### The data
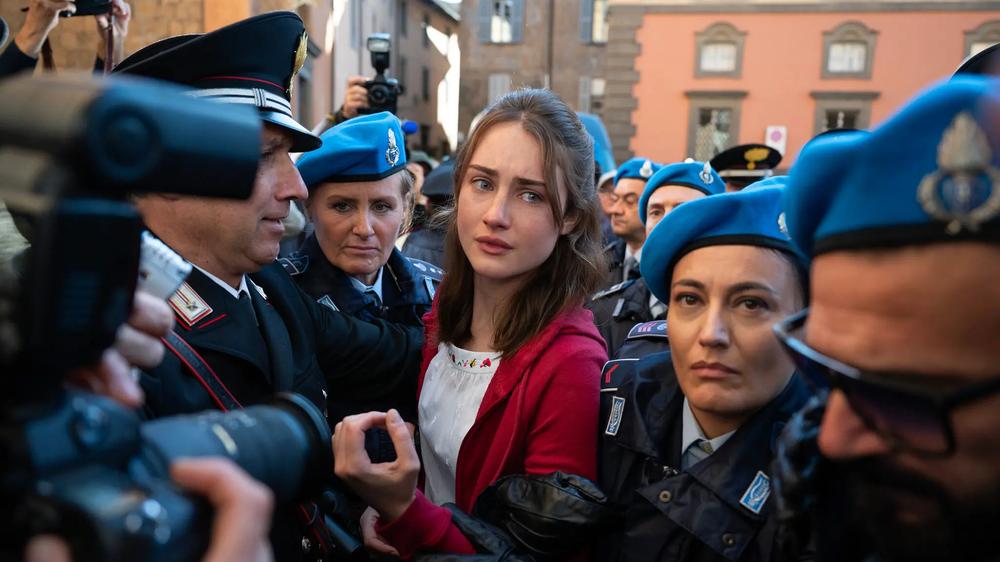  Grace Van Patten als Amanda Knox in "The Twisted Tale of Amanda Knox"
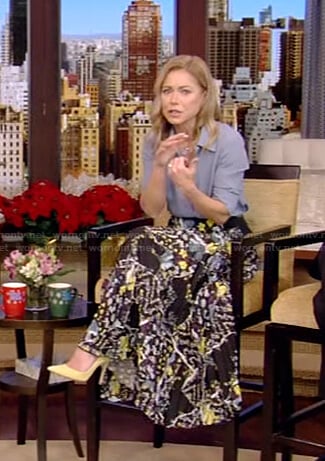 Kelly's black floral pleated skirt on Live with Kelly and Ryan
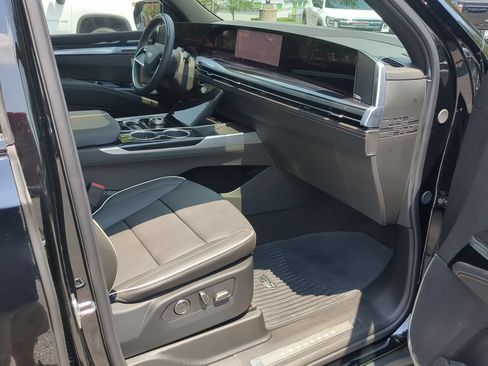 Used 2026 Cadillac Escalade Sport w/ Touring Package AWD/4WD image 30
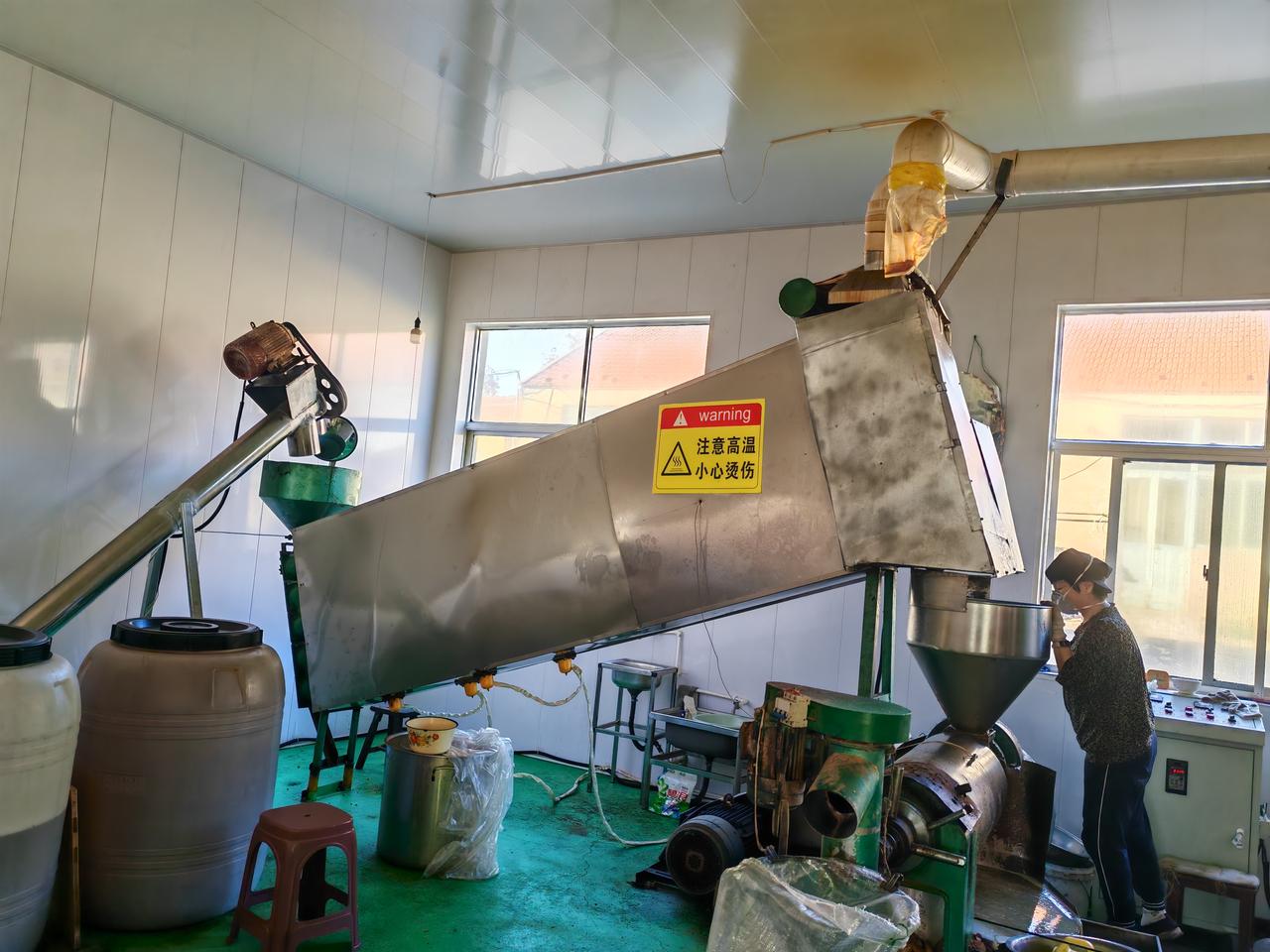 我们这儿的人，只喜欢一种油料——花生油，那香味浓郁得简直无法用语言形容。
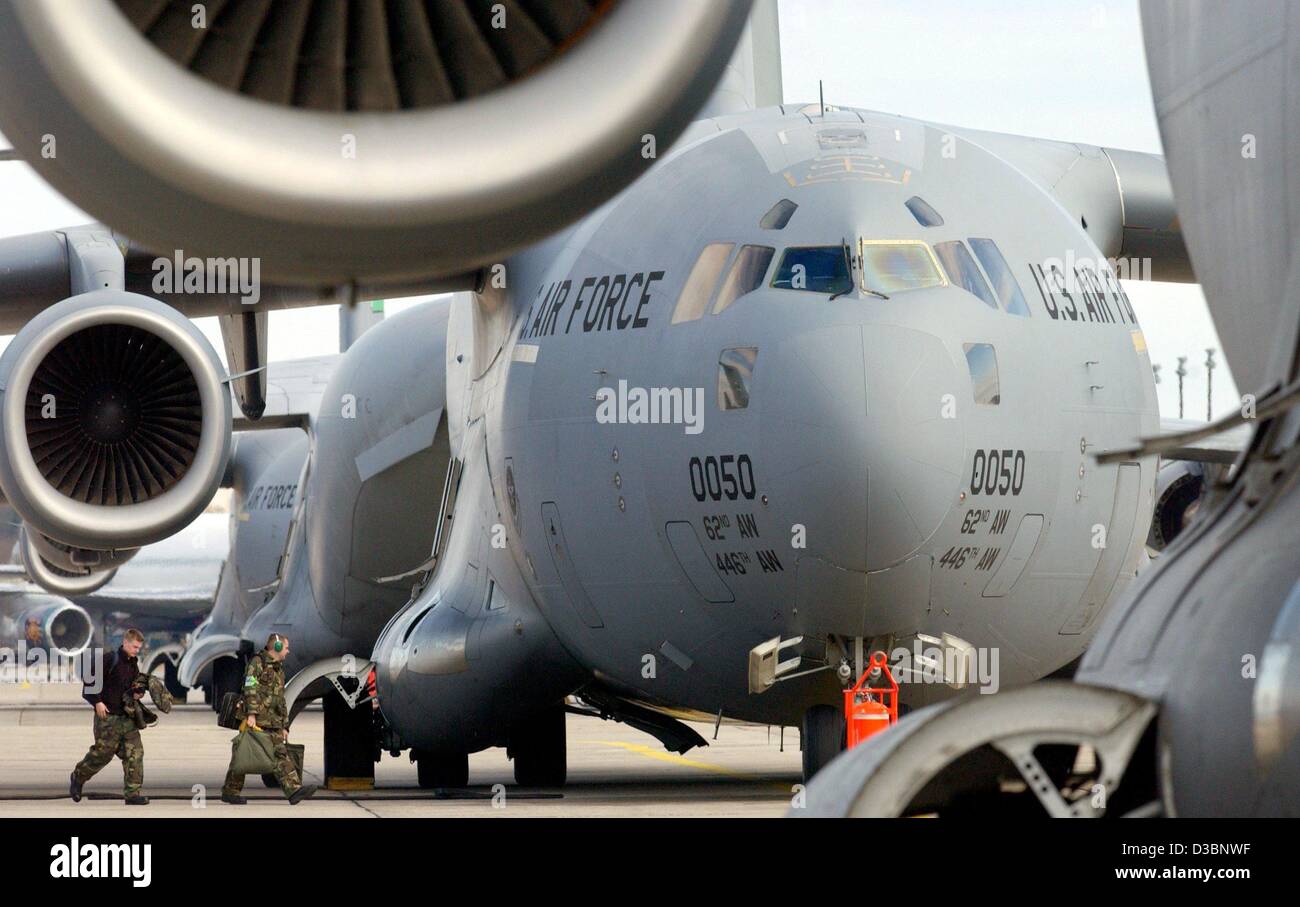 (Afp) - Un avion cargo de type C-117 'Globemaster' de l'US air force est en attente avec moteur en marche pour les feux verts à décoller de la base aérienne américaine à Francfort, 14 mars 2003. La base aérienne est l'un des plus importants carrefours de l'air des forces américaines. Plusieurs centaines de soldats américains font une escale à Fr Banque D'Images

### Work order
Restate the data above word for word, so that the only difference is the missing pictures.

### Reply to the exercise
  Grace Van Patten als Amanda Knox in "The Twisted Tale of Amanda Knox"
 Kelly's black floral pleated skirt on Live with Kelly and Ryan
 Used 2026 Cadillac Escalade Sport w/ Touring Package AWD/4WD image 30
 我们这儿的人，只喜欢一种油料——花生油，那香味浓郁得简直无法用语言形容。
 (Afp) - Un avion cargo de type C-117 'Globemaster' de l'US air force est en attente avec moteur en marche pour les feux verts à décoller de la base aérienne américaine à Francfort, 14 mars 2003. La base aérienne est l'un des plus importants carrefours de l'air des forces américaines. Plusieurs centaines de soldats américains font une escale à Fr Banque D'Images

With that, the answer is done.